Automatic Dubbing with Voice Cloning and Speech Recognition
Made possible thanks to OpenVoice, MeloTTS, Faster Whisper, VoiceFixer, python-audio-separator and FFmpeg.

Polly the Tadpole

This is a highly experimental prototype of a script that aims to automatically dub English audio over a video file originally recorded in any language Whisper supports. Theoretically, with some modifications and different OpenVoice models, it should support any language supported by OpenVoice, however the translation would have to be handled by something other than Whisper

Features

  • Voice cloning and local text-to-speech synthesis
  • Automatic speech recognition
  • Audio separation
  • Automatic synchronization of dubbed lines to the original speech
  • Optional voice fixing to bring back some high frequencies lost during the voice cloning process
  • Muxing the dubbed audio and extracted instrumental track back into the video

PRs are welcome, this is mostly just a proof-of-concept.
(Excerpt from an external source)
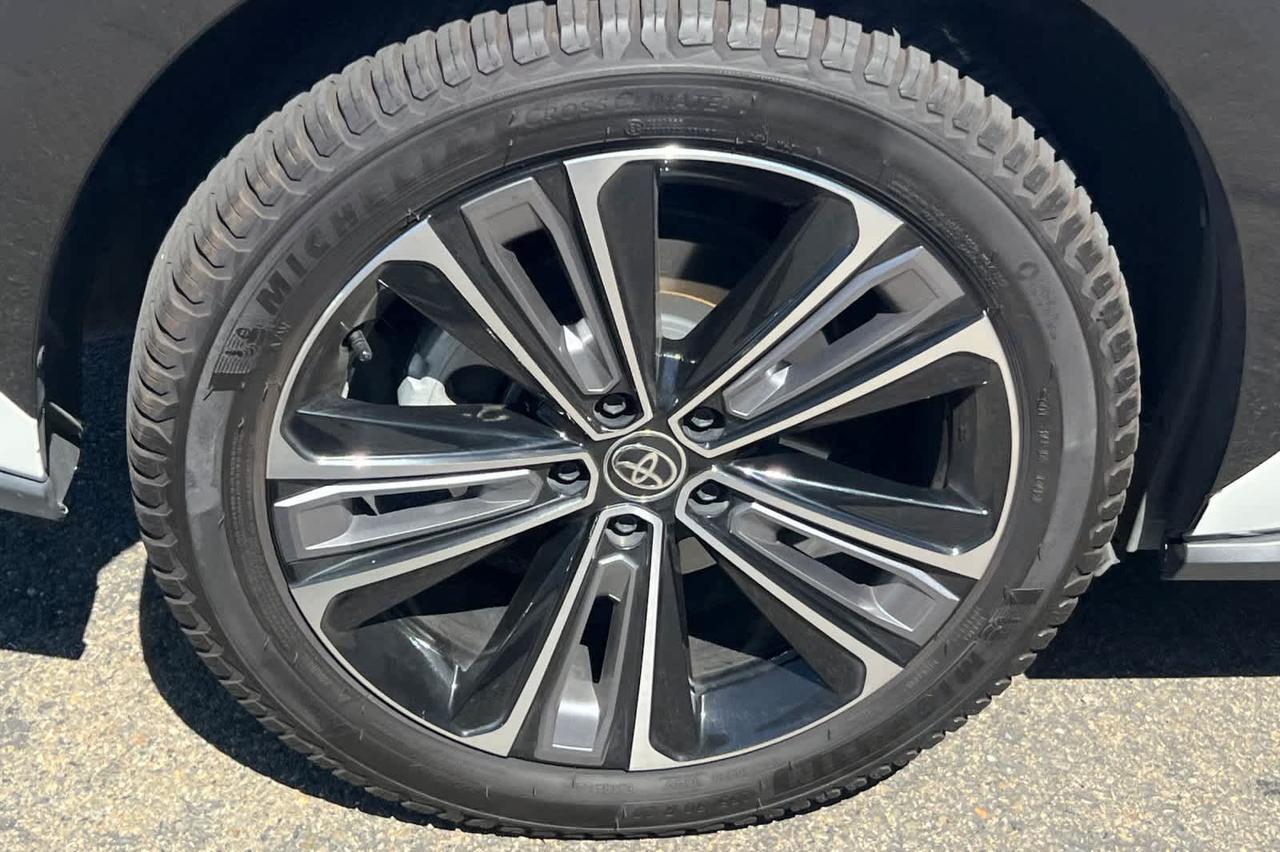 2023 Toyota bZ4X Limited Roseville CA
Some good ideas for improvement include:

  • Speaker diarization to separate the speech of different characters and automatically assign the correct dubbed lines to the correct characters
  • Ability to load custom subtitles instead of relying on automatic speech recognition
  • A translation neural network (local is highly preferred) or API to not rely on Whisper's shoddy translations

Pre-requisites

  • Python 3.9
  • FFmpeg, FFprobe and FFplay installed on your system and in PATH
  • Windows (only tested on Windows)
  • A modern NVIDIA GPU with CUDA support is probably required
  • Miniconda or Anaconda (optional, but recommended)

Installation

  1. Install FFmpeg, FFprobe and FFplay on your system and make sure they are in PATH. You can download them from here.

  2. Make a new directory and clone this repository:

git clone https://github.com/igerman00/Pollyduble
cd Pollyduble
  1. Create a new Conda environment:
conda create -n dubbing python=3.9
  1. Activate the Conda environment:
conda activate dubbing
  1. Clone the OpenVoice repository
git clone https://github.com/myshell-ai/OpenVoice

Make sure the OpenVoice repository is in the same directory as this repository, it should be named "OpenVoice".

  1. Install OpenVoice:
cd OpenVoice
pip install -e .
pip install git+https://github.com/myshell-ai/MeloTTS.git
python -m unidic download
  1. Install torch with GPU support (the index-url parameter should be optional for no GPU support):
pip3 install torch torchvision torchaudio --index-url https://download.pytorch.org/whl/cu118
  1. Install the other dependencies:
cd .. # Go back to the root directory of the repo
pip install -r requirements-win-cu118.txt

Usage

  1. Obtain a video file and place it anywhere on your computer, for this example we will assume it is in the same directory as our demo.py script, and it is named video.mp4.
  2. Run the script:
python demo.py -i video.mp4 -s -m

The output will be stored in the Pollyduble/output directory by default. It will contain various files including the dubbed video, the separated audio, the dubbed audio, and the voice sample. Mostly, it should be one-click.

Options include:

  • -i or --input to specify the input video file
  • -o or --output to specify the output directory (default is Pollyduble/output)
  • -v or --voice to specify a custom sample for the voice cloning. If not specified, one will be created from the first 15 seconds of the video
  • -s or --separate to enable audio separation, i.e. extracting the background music and the speech from the video separately
  • -m or --mux to enable muxing the separated audio back into the video with the dubbed speech
  • -f or --fix to enable voice fixing, i.e. improving the quality of the dubbed speech.
    ^ Experimental and doesn't actually sound that good most of the time.
  • --help to display the help message

License

This project is licensed under the MIT License - see the LICENSE file for details.